Write the listing below out again word for word, without a single picture.

▶ Recorded data
=-=-=
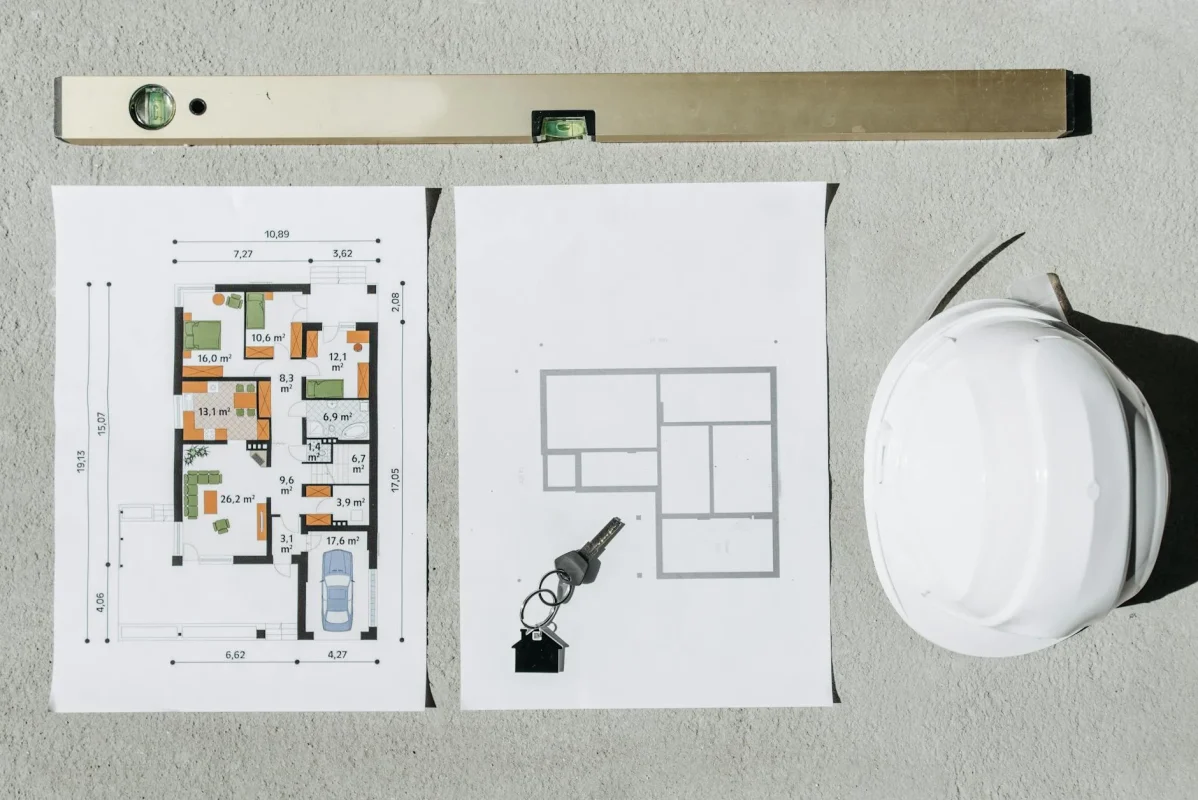 Apa Bahan Alami untuk Mengkilapkan Parket? Cek Tips & Jasa Pasang 5 Construction Planning Floor Measurement Consultation
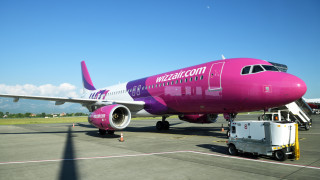 Нискотарифната авиокомпания Wizz Аir ще изпълнява полети от София до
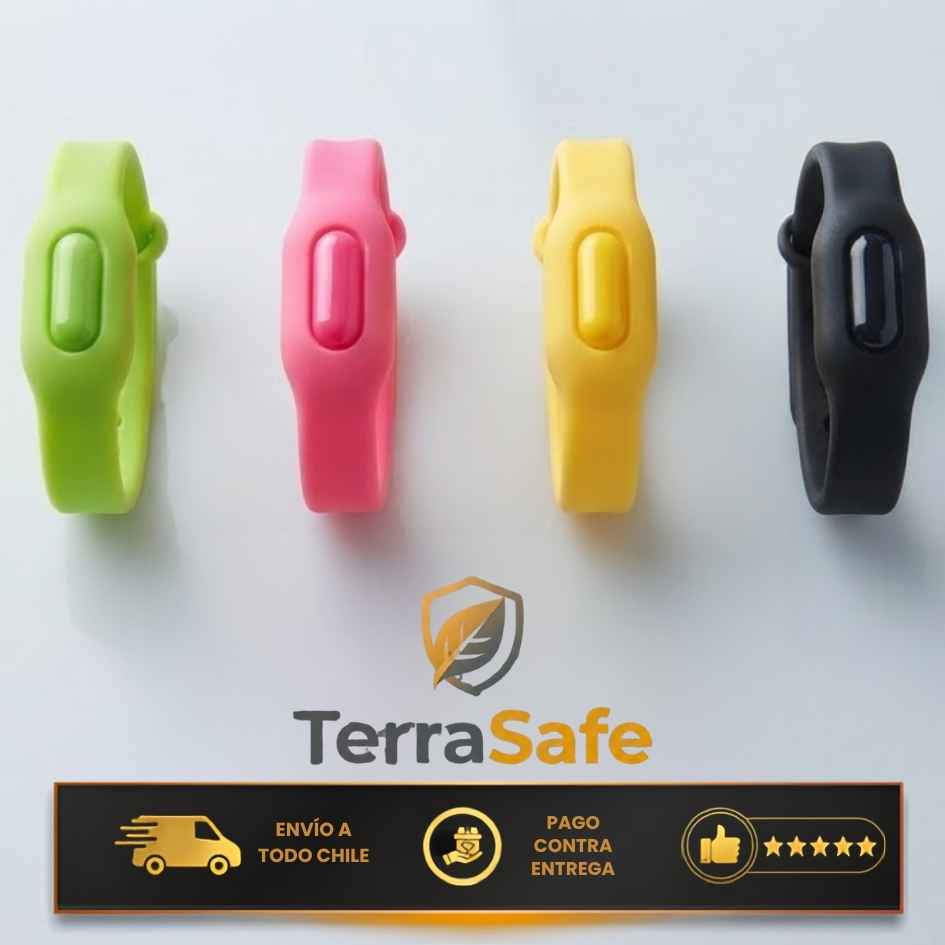 TerraSafe - Protección natural y cómoda para tus días de campo o playa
=-=-=
▶ Your response
 Apa Bahan Alami untuk Mengkilapkan Parket? Cek Tips & Jasa Pasang 5 Construction Planning Floor Measurement Consultation
 Нискотарифната авиокомпания Wizz Аir ще изпълнява полети от София до
 TerraSafe - Protección natural y cómoda para tus días de campo o playa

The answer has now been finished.